As a seventh seed, the Raiders made school history in 2016 after defeating Haven 13-5 to win the Kansas Class 4A Division II softball championship, the first in school history. Three years later, the eighth-seeded Raiders made another historic run on the way to defeating Silver Lake 7-5 to win the school’s first Class 3A softball state championship.
“Once everything started gelling and everyone saw it all start coming together (later in the season), I think the kids just started to realize their potential,” Rhuems said of her team’s run to finish off the 2019 season. “We knew we weren’t the favorites, and that was OK. We also knew that once we beat Riverton in the regional championship, that it was probably one of the toughest regionals in the state. It really prepared us for the state tournament.
“After we earned that first win against the top seed, the kids’ confidence was through the roof, and they were relaxed. They didn’t let anything affect that, including the weather delaying our games.”
On the field, one of the more noticeable parallels between both championship games started and ended in the circle, literally.
The Raiders’ 2016 championship game was secured by a strong performance from then-senior Kennedi Fields, who earned a complete-game win after surrendering five runs, three earned, on eight hits against the Wildcats.
Against the Eagles in the Class 3A title game, it was Kennedi’s younger sister, Karma Fields, who led the Raiders to prominence in the circle. Fields also earned a complete-game win after allowing five runs, one earned, on nine hits, two walks and a strikeout.
The sisters also left their mark on their respective game at the plate, as Kennedi Fields finished with three hits and two runs scored against Haven, while Karma Fields provided the Raiders with a go-ahead RBI double in the fifth, and again had a run-scoring double in the sixth against Silver Lake.
“Both of them being in the circle, with each winning state championships, is pretty unheard of,” Rhuems said. “I think that is really cool. Kennedi came back from college to help support the kids, but she was a great asset to Karma as well. She was a strong reinforcement for her sister going into that state championship game.”
Madison Davis was also a common ingredient for both of the Raiders’ runs. As a freshman against Haven, Davis logged three hits, including a two-run home run, two RBI and two runs scored. Fast forward to her final game as a senior for Frontenac, Davis came up with a clutch RBI single in the sixth to push the Raiders’ lead to two runs.

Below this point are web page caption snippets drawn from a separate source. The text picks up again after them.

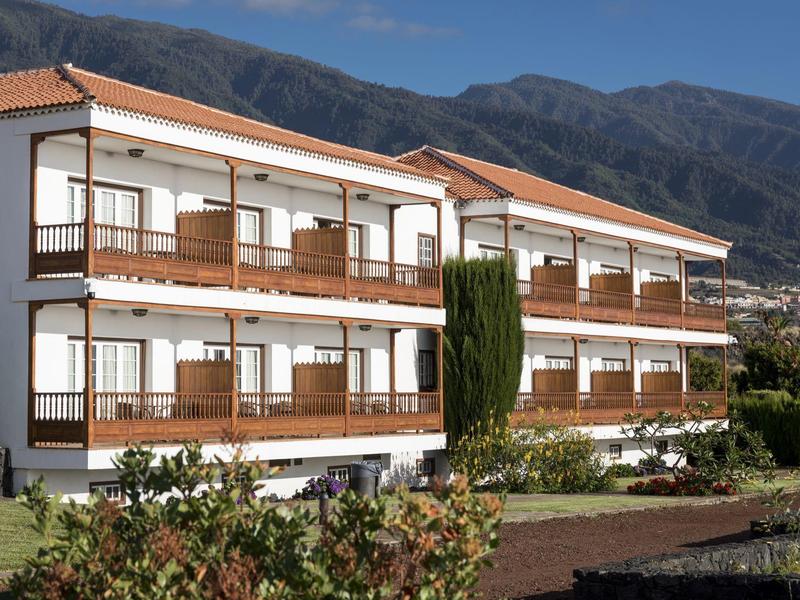 Biały hotel z drewnianymi balkonami na tle gór.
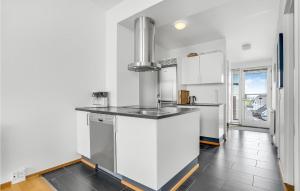una cucina con mobili bianchi e un piano di lavoro nero di Apartment Nordre Havnevej Rømø V a Rømø Kirkeby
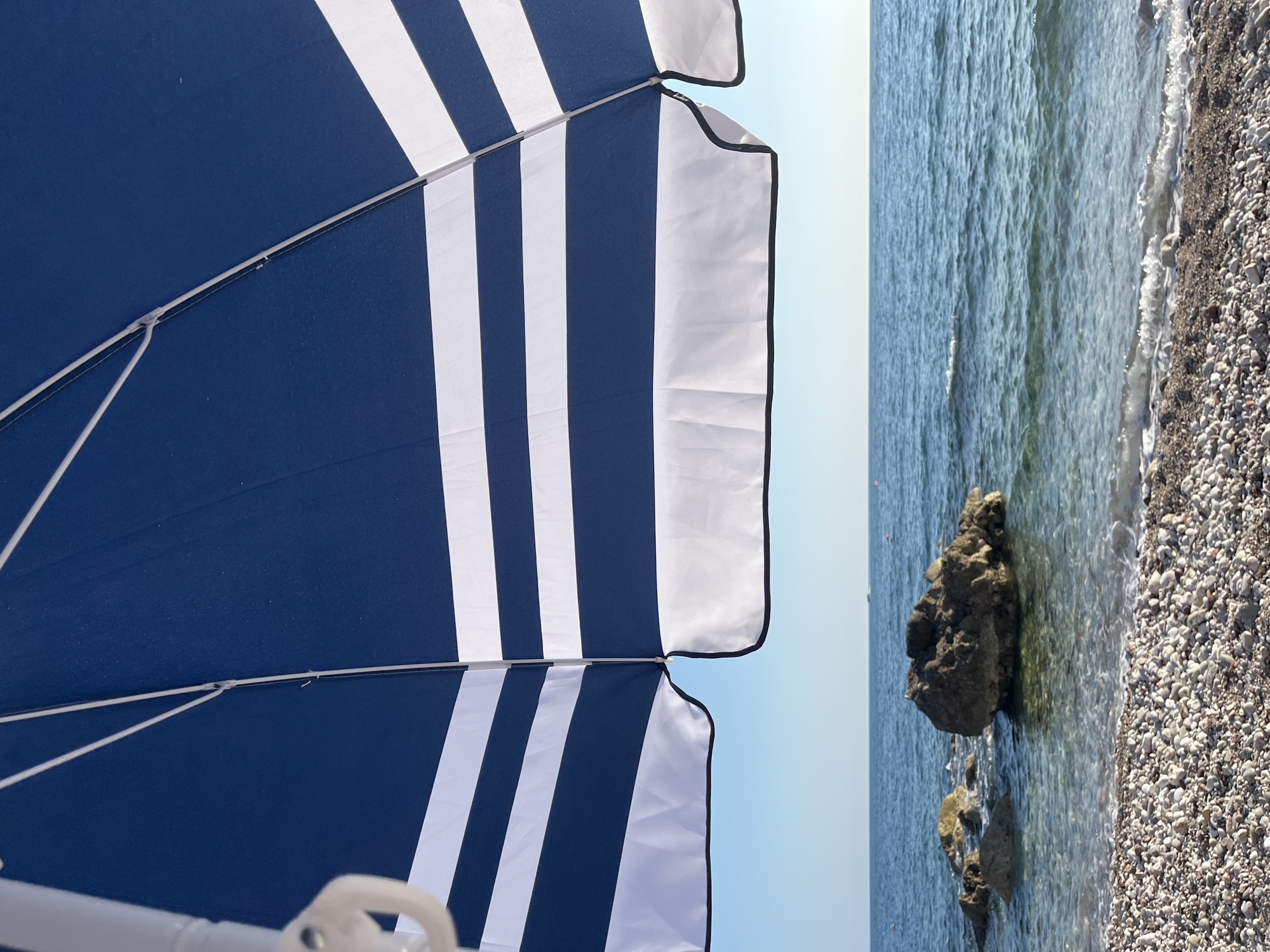 An upward angled shot captures the underside of a blue and white striped beach umbrella casting a shadow over a clear, pebble-strewn beach and the Adriatic Sea. The water is calm with gentle waves lapping the shore, and a few large rocks are visible near the waterline. In the distance, the horizon is clear, meeting a pale blue sky. The scene is set in Bar, Montenegro, on a sunny day.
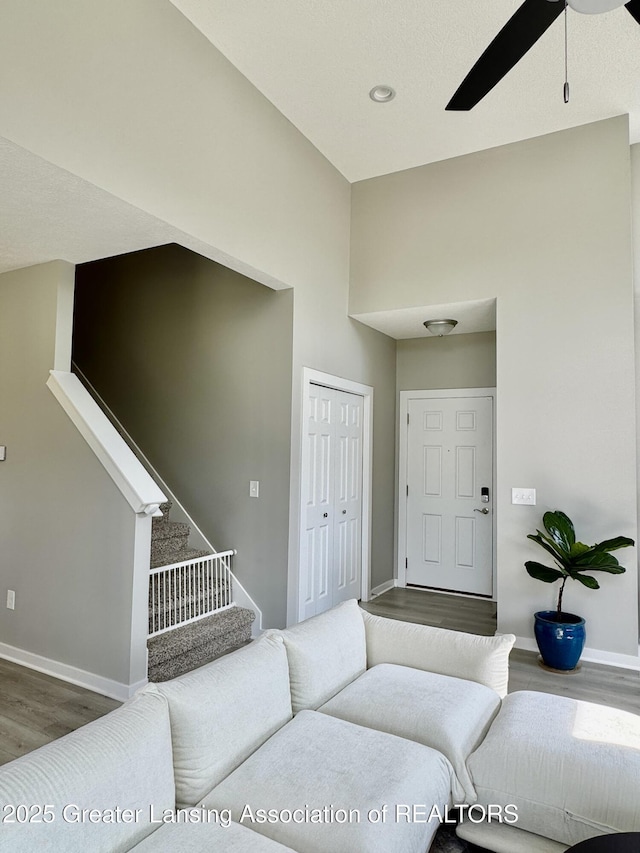 4314 Ringneck Ln, Holt, MI 48842 - living area with wood finished floors, ceiling fan, and stairs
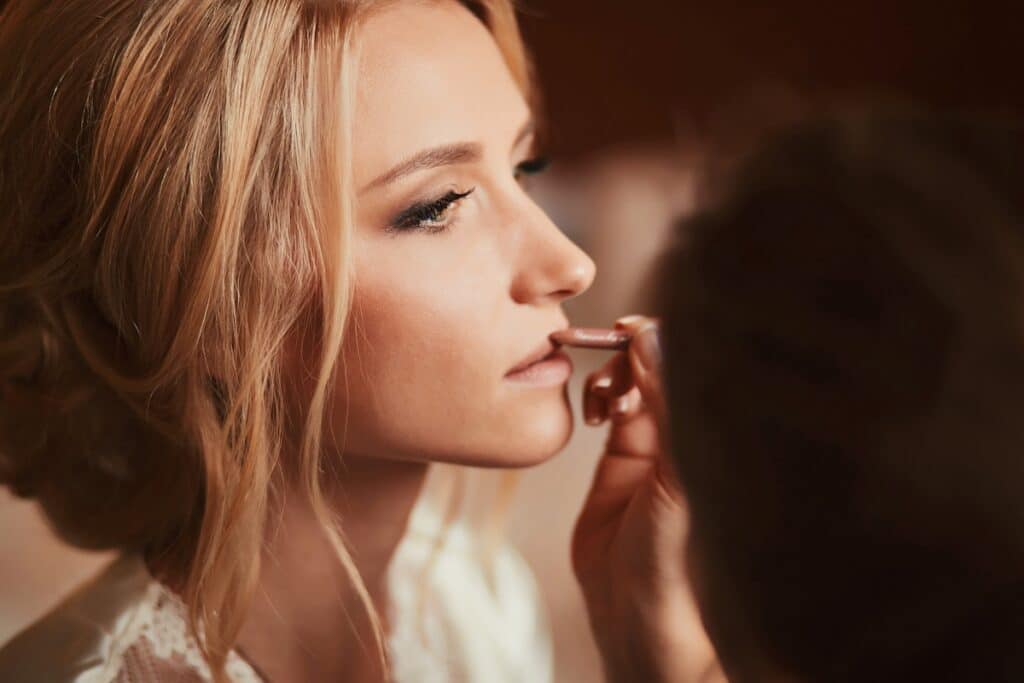 Close-up side view of a woman having lipstick applied by a makeup artist.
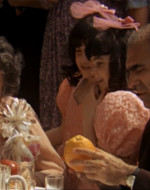 SAL TESSIO playfully tosses an orange into the air.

“Madi did a great job being a leader for us this season,” Rhuems said. “A lot of the kids rallied behind her, knowing she was our only senior. She did a great job playing first base for us this year, and the kids really felt confident with her in the infield.”
Of course, the biggest similarity for Frontenac, and that’s in no way a correlation to her size, was the fact that Coach Rhuems was eight months pregnant during each of the Raiders’ title runs.

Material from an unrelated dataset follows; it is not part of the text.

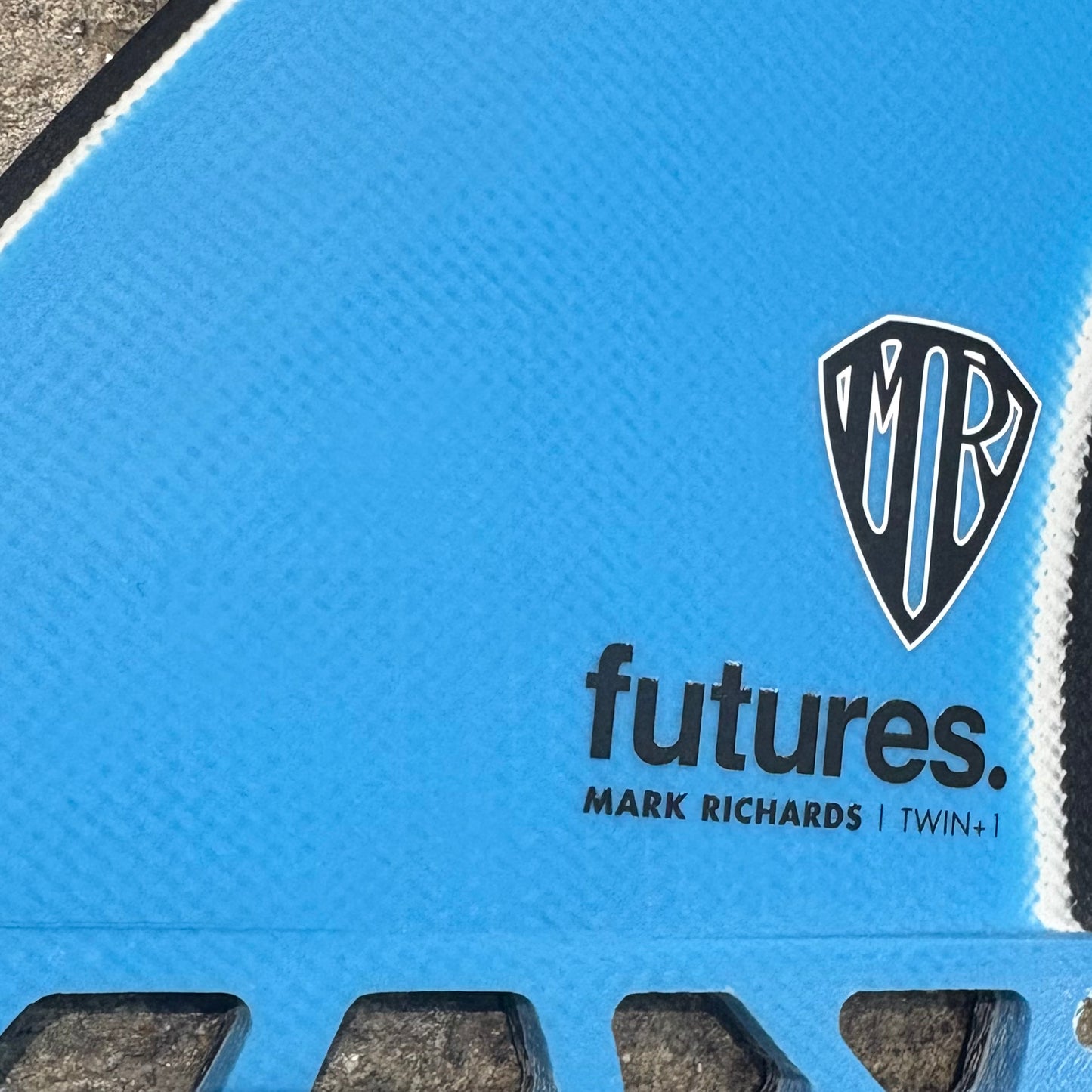 Blue set of Futures Mark Richards Twin+1 with 'futures' and 'Mark Richards' branding on a fiberglass construction.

“When I let the girls know that I was expecting this time around, I told them, ‘You know the last time I was pregnant, we won a state title,’” Rhuems said with a laugh. “I told them I did my part, now, it was time for them to hold up their end. That had kind of been the running joke since December, when I told them.
“I am a pretty superstitious person, so it is comical with how many similarities there really were for that state title run (in 2016) and this state title run.”
While coaching the Raiders to the school’s first-ever championship in the program’s history in 2016, Rhuems was carrying her first child, Cruz. During the recent win against Silver Lake, Rhuems was carrying her second child, who is due in early July.
It goes without saying how difficult coaching is, but when you add in the later stages of pregnancy, it can be quite overwhelming. Rhuems wasn’t shy about praising her support staff, and how important they have been, particularly during her two pregnancies. From her husband, Jay, to her father, Francis Buche, who is also a member of the Frontenac softball coaching staff, it is clear Coach Rhuems has a lot of support in her corner.
“I lucked out in the husband category,” Rhuems said. “I am away a lot with coaching, and Jay will bring Cruz to the games. ... It takes a village, especially as a female coach. I am very thankful for Jay for giving me the opportunity to continue doing what I love to do.
“My dad kept the book for me when I started coaching 12 years ago, and about seven years ago, I talked him into being my assistant. He is a huge asset to our program. He is probably the most positive person I have ever met in my life. I may be stressed out at certain times about things and he just keeps me grounded and reminds me that it really isn’t that big of a deal. He really loves this team and these kids as much as I do, and I am thankful for every moment I get to spend with him.”
Now, with two pregnancies resulting in two state title runs, the question had to be asked: How many more kids is Coach Rhuems going to have? Surprisingly, that wasn't the first time she had heard that very question.
“It’s funny,” Rhuems said. “Now, all of the parents are thinking I need to be pregnant by next Spring. … It is special because I love being a mom, and (my players) are like my second family.
It is just really hard to throw batting practice when you are eight months pregnant.
“It will be fun to look back in 10 of 15 years when my kids are older, hopefully experiencing the same things, to show each of them how they were a part of our first state title runs.”